**Directions:** Restate each entry exactly, without pictures.

**Supplied data:**
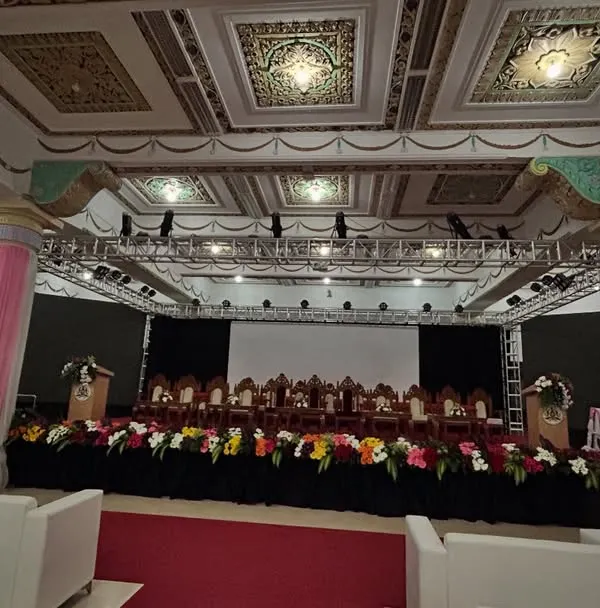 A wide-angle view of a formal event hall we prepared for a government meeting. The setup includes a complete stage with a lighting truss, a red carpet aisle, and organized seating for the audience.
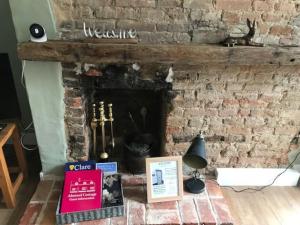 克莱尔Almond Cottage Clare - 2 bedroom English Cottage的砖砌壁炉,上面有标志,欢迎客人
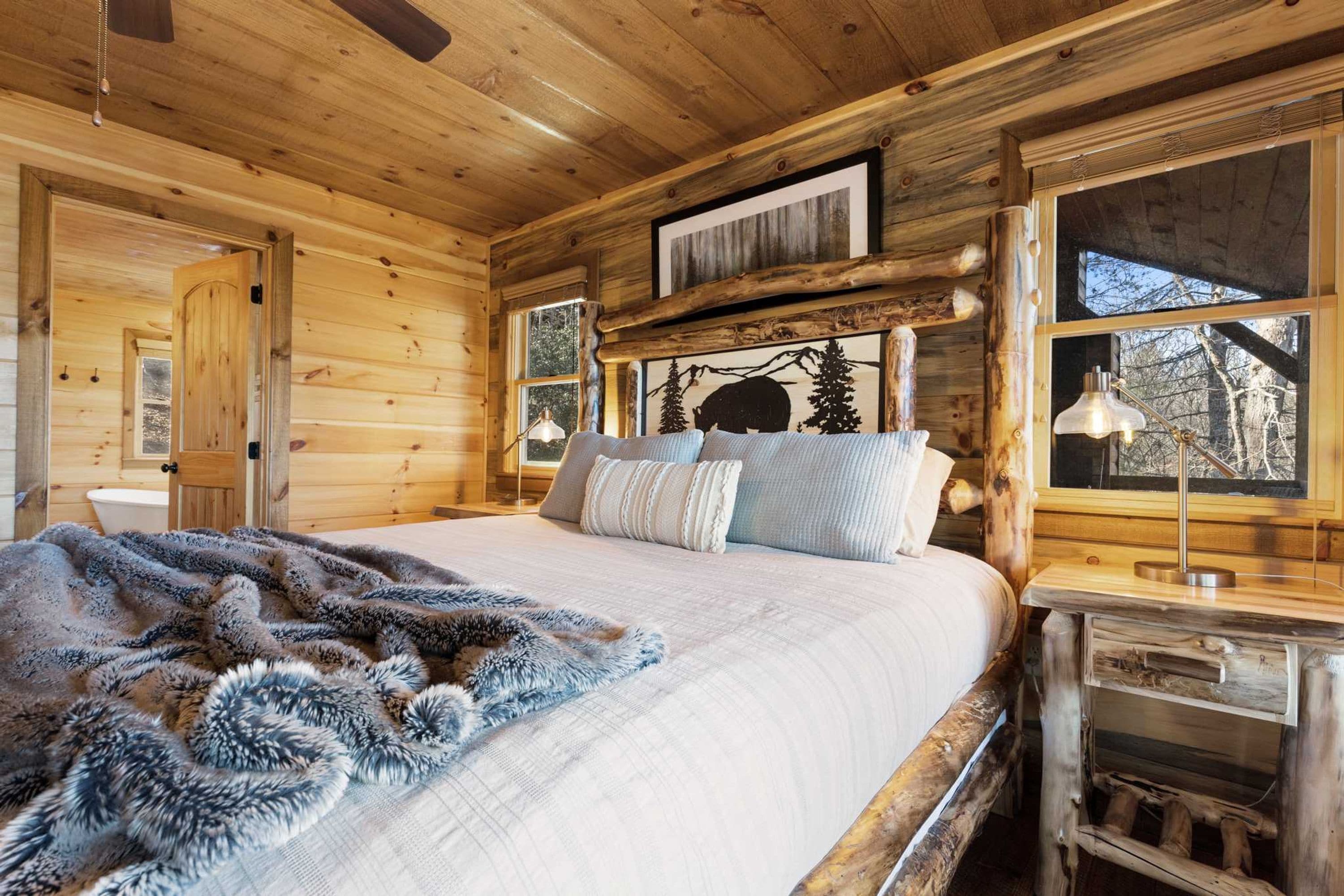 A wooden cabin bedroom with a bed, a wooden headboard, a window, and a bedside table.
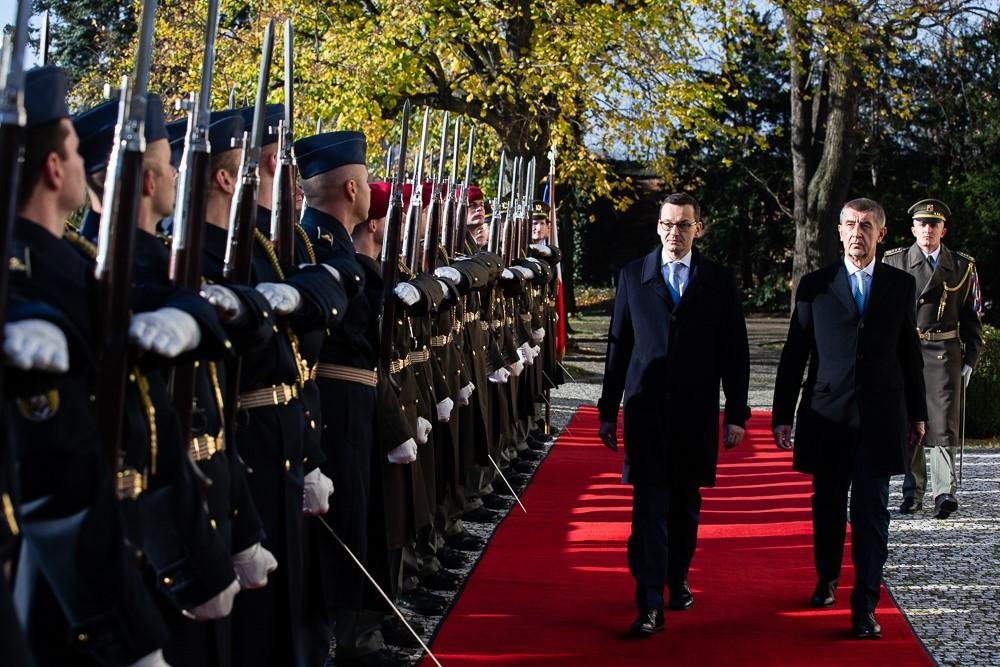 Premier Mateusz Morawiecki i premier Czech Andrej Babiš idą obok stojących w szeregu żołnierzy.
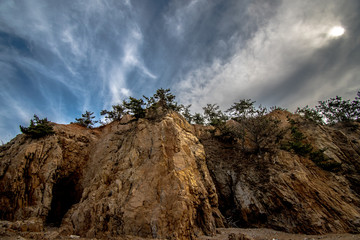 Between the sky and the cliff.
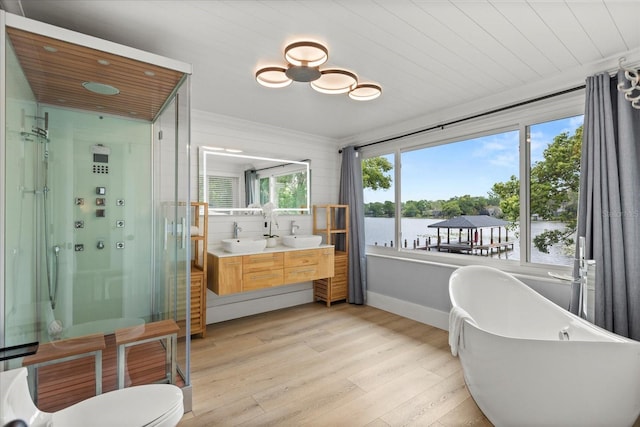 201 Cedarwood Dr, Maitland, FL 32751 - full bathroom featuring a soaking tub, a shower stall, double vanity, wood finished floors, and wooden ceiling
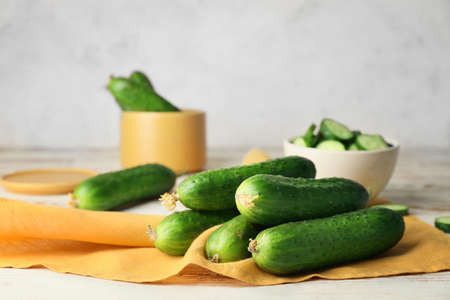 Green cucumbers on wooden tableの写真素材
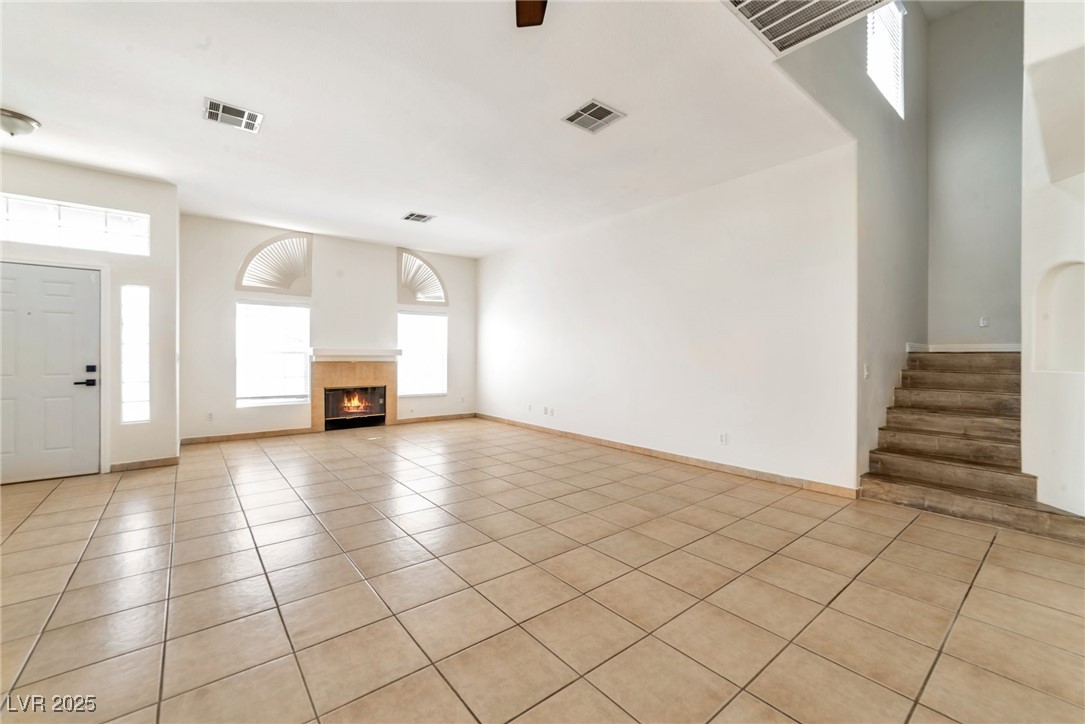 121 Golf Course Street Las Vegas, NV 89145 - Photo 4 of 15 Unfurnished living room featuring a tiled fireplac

**Response for this exercise:**
 A wide-angle view of a formal event hall we prepared for a government meeting. The setup includes a complete stage with a lighting truss, a red carpet aisle, and organized seating for the audience.
 克莱尔Almond Cottage Clare - 2 bedroom English Cottage的砖砌壁炉,上面有标志,欢迎客人
 A wooden cabin bedroom with a bed, a wooden headboard, a window, and a bedside table.
 Premier Mateusz Morawiecki i premier Czech Andrej Babiš idą obok stojących w szeregu żołnierzy.
 Between the sky and the cliff.
 201 Cedarwood Dr, Maitland, FL 32751 - full bathroom featuring a soaking tub, a shower stall, double vanity, wood finished floors, and wooden ceiling
 Green cucumbers on wooden tableの写真素材
 121 Golf Course Street Las Vegas, NV 89145 - Photo 4 of 15 Unfurnished living room featuring a tiled fireplac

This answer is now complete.